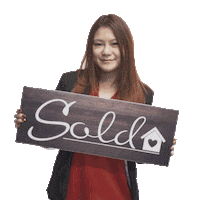 Jht Cindytheagent Sticker by jinhongteam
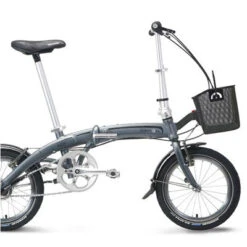 Fixation KlickFix Sur Tube De Direction Pour Vélo Dahon Ou Tern -Vélo Accessoires Boutique fixation klickfix sur tube de direction pour velo dahon ou tern full 5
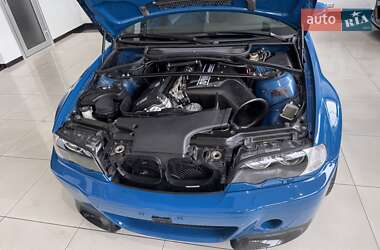 Купе BMW M3 2004 в Одессе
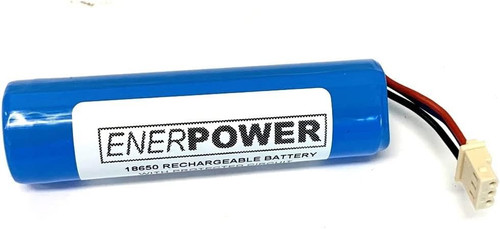 Batteria ricambio per - di,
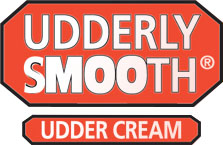 UDDERLY SMOOTH品牌LOGO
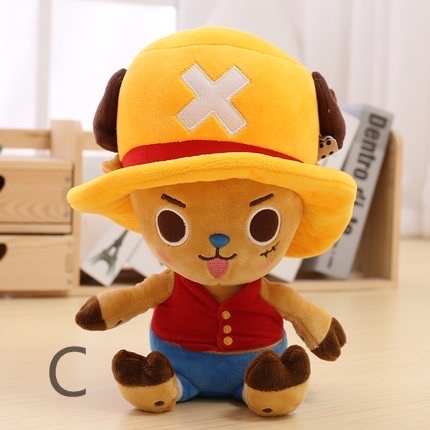 (무료배송) 원피스 초파 애착인형(55cm)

..........

- _GOAL OF THE EXERCISE_:
Leaving out the pictures, restate word for word the lines above from the one containing "Купе BMW M3 2004 в Одессе" through the end of the records, both ends included.

- _EXERCISE ANSWER_:
 Купе BMW M3 2004 в Одессе
 Batteria ricambio per - di,
 UDDERLY SMOOTH品牌LOGO
 (무료배송) 원피스 초파 애착인형(55cm)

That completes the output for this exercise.